Saturday, September 08, 2007
Blat is an alignment tool like BLAST, but it is structured differently. On DNA, Blat works by keeping an index of an entire genome in memory. Thus, the target database of BLAT is not a set of GenBank sequences, but instead an index derived from the assembly of the entire genome. The index -- which uses less than a gigabyte of RAM -- consists of all non-overlapping 11-mers except for those heavily involved in repeats. This smaller size means that Blat is far more easily mirrored. Blat of DNA is designed to quickly find sequences of 95% and greater similarity of length 40 bases or more. It may miss more divergent or short sequence alignments.
On proteins, Blat uses 4-mers rather than 11-mers, finding protein sequences of 80% and greater similarity to the query of length 20+ amino acids. The protein index requires slightly more than 2 gigabytes of RAM. In practice -- due to sequence divergence rates over evolutionary time -- DNA Blat works well within humans and primates, while protein Blat continues to find good matches within terrestrial vertebrates and even earlier organisms for conserved proteins. Within humans, protein Blat gives a much better picture of gene families (paralogs) than DNA Blat. However, BLAST and psi-BLAST at NCBI can find much more remote matches.

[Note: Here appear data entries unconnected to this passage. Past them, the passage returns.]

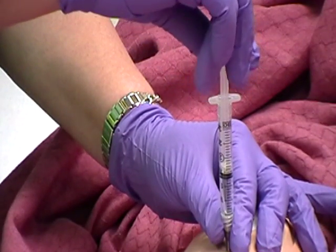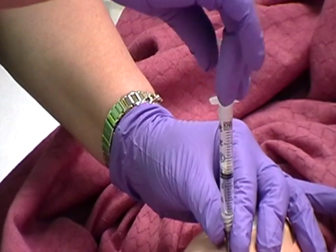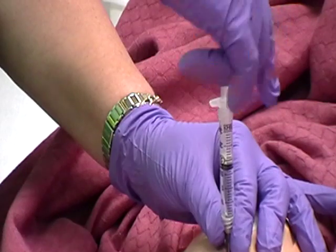Move dominant hand to end of plunger. Do not move the syringe. Pull back on plunger 5 to 10 seconds. If no blood appears, proceed with injection.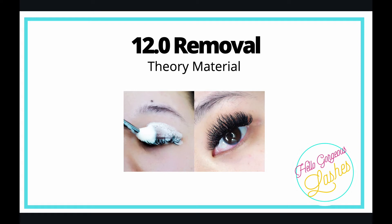Module 12: removal. I like to educate my clients on how to remove their own lashes because there's a tendency that rather than booking with you for a removal, they will pick them off and end up tearing out half their own eyelashes in the process. I'd rather them know how to safely do it at home.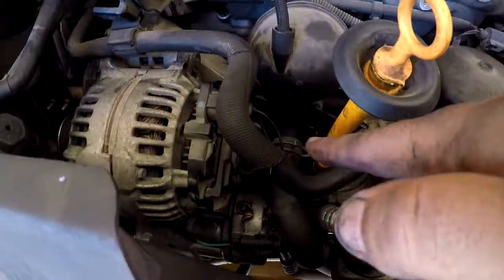Quick afterthought to stick at the beginning: in order to do this repair, I did disconnect the battery. The only reason I did that is because you will be working near the alternator in this area, since that's where the thermostat housing is located. For safety reasons, it's probably better to just disconnect your battery, so I would definitely do that.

From a practical standpoint, Blat has several advantages over BLAST:
* speed (no queues, response in seconds) at the price of lesser homology depth
* the ability to submit a long list of simultaneous queries in fasta format
* five convenient output sort options
* a direct link into the UCSC browser
* alignment block details in natural genomic order
* an option to launch the alignment later as part of a custom track
Blat is commonly used to look up the location of a sequence in the genome or determine the exon structure of an mRNA, but expert users can run large batch jobs and make internal parameter sensitivity changes by installing command line Blat on their own Linux server.